This is as far as I made it. Kinda zoned out...

It took you three years to figure this out?

I could point out 20 different things where your strategy is wrong but I think it would fall on deaf ears... if it takes three years to figure this out you aren't really going to listen to us


----------



## Youburr (Aug 22, 2019)

Bushtit!


----------



## losiglow (Dec 4, 2018)

Matt JD said:


> I have been driving with Uber for almost three years and I've had issues with unfair ratings ever since. I drive a bran new $55,000.00 luxury car


I got this far before I was like LoLFail!


----------



## Matt JD (Sep 12, 2019)

KK2929 said:


> -------------------------
> I believe that you are on TILT !!!!!
> ----------------------------------
> 
> ...


I didn't threaten them.
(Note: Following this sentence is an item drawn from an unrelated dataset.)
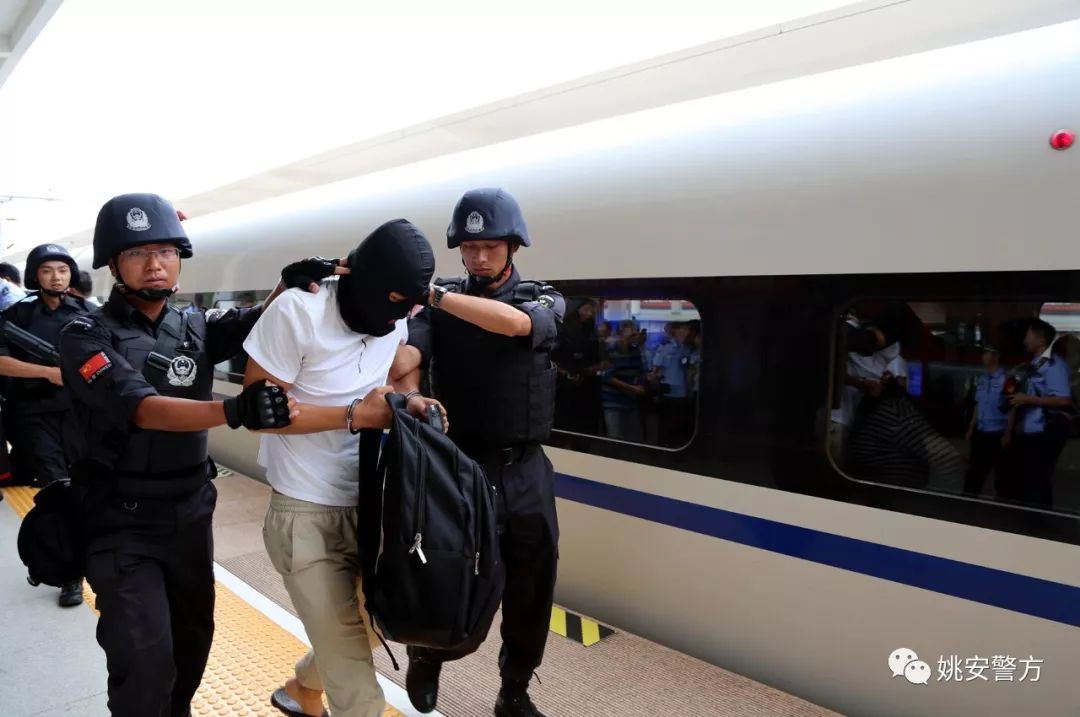 楚雄警方成功破获姚安66126网络诈骗案5名犯罪嫌疑人被押解归案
I quit. While I know there have been other complaints. I just wanted to add mine to the pile. As for my spelling, I'm am dyslexic. I apologize if my handicap is annoying. I am on tilt... I really cared about offering people something that was above and beyond ordinary and took the reviews more seriously than I should have but after doing everything possible to provide exceptional service, the 1 star was just too much of an insult to justifying continuing with it. Especially as you said, where the company doesn't care.


----------



## MSBash (Mar 17, 2019)

Matt JD said:


> I didn't threaten them. I quit.


No worries, there will be 2 new drivers to replace you by the morning.


----------



## Udrivevegas (Feb 20, 2017)

Matt JD said:


> FU2 AND DRIVER MARK
> 
> 
> I didn't threaten them. I quit. While I know there have been other complaints. I just wanted to add mine to the pile. As for my spelling, I'm am dyslexic. I apologize if my handicap is annoying. I am on tilt... I really cared about offering people something that was above and beyond ordinary and took the reviews more seriously than I should have but after doing everything possible to provide exceptional service, the 1 star was just too much of an insult to justifying continuing with it. Especially as you said, where the company doesn't care.
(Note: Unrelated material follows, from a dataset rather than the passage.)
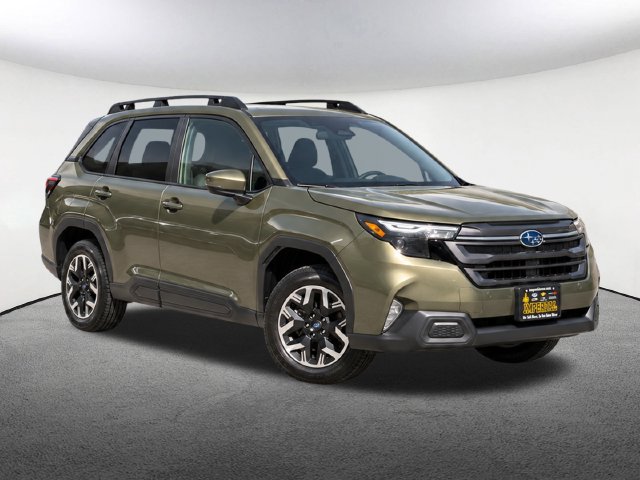 Used 2026 Subaru Forester Premium AWD/4WD image 2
Could someone please clarify how much we get paid per star when we cash them out with Uber? That is how it works, right? ?


----------



## tohunt4me (Nov 23, 2015)

Matt JD said:


> I have been driving with Uber for almost three years and I've had issues with unfair ratings ever since. I drive a bran new $55,000.00 luxury car which I go out of the way to make sure its spotless every day a start. I always greet passengers with "hello" and a smile. I differ to their preferences for music, conversation or quit. I have a spotless driving record and lowest possible surcharge, and I been driving my area for 40 years. For the most part, I have an overall star rating of 4.95. Then last Monday I received an anonymous 1 star rating for "quality of service". Bushtit!!!. everyone of my passengers got the equivalent of a fist class limousine service. I brought my dismay to the attention of Uber support and requested they remove the unfair and unjustified rating. The only time in three years I asked them to do this. They refused. Now I could put up with the insult of a 40 ride quest going from a $100.00 to $15.00. bonus, understand the fact that they keep paying their drivers less and less while we pay more and more for gas and repairs as we destroy our cars by racking up mileage. But after all that, In not going to tolerate the lowest possible ratting without cause. (If an Uber driver kills you in a car accident, then he deserve 1 star, Not because the Uber driver took a wrong turn and delayed your trip 45 seconds.) Since Uber wont stick up for its divers and end these abusive tactics of their emotionally disturbed riders, who want to lash out at anyone for any reason as a means of dealing with their own miserable lives, I deleted the app and instructed Uber to remove my profile. Now I am driving for Lyft and have a perfect ratting again. If Uber ever took the time to realize how much money a month I was consistently making then while they exploited me, then they would realize that by, not sticking up for the drivers or by failing to honor a reasonable and justified courtesy, they only @@@@ed themselves.


Ratings suck.

Ubers program is demented.

All a B.S. GAME.


----------



## Cold Fusion (Aug 28, 2019)

Matt JD said:


> I have been driving with Uber for almost three years and I've had issues with unfair ratings ever since. I drive a bran new $55,000.00 luxury car which I go out of the way to make sure its spotless every day a start. I always greet passengers with "hello" and a smile. I differ to their preferences for music, conversation or quit. I have a spotless driving record and lowest possible surcharge, and I been driving my area for 40 years. For the most part, I have an overall star rating of 4.95. Then last Monday I received an anonymous 1 star rating for "quality of service". Bushtit!!!. everyone of my passengers got the equivalent of a fist class limousine service. I brought my dismay to the attention of Uber support and requested they remove the unfair and unjustified rating. The only time in three years I asked them to do this. They refused. Now I could put up with the insult of a 40 ride quest going from a $100.00 to $15.00. bonus, understand the fact that they keep paying their drivers less and less while we pay more and more for gas and repairs as we destroy our cars by racking up mileage. But after all that, In not going to tolerate the lowest possible ratting without cause. (If an Uber driver kills you in a car accident, then he deserve 1 star, Not because the Uber driver took a wrong turn and delayed your trip 45 seconds.) Since Uber wont stick up for its divers and end these abusive tactics of their emotionally disturbed riders, who want to lash out at anyone for any reason as a means of dealing with their own miserable lives, I deleted the app and instructed Uber to remove my profile. Now I am driving for Lyft and have a perfect ratting again. If Uber ever took the time to realize how much money a month I was consistently making then while they exploited me, then they would realize that by, not sticking up for the drivers or by failing to honor a reasonable and justified courtesy, they only @@@@ed themselves.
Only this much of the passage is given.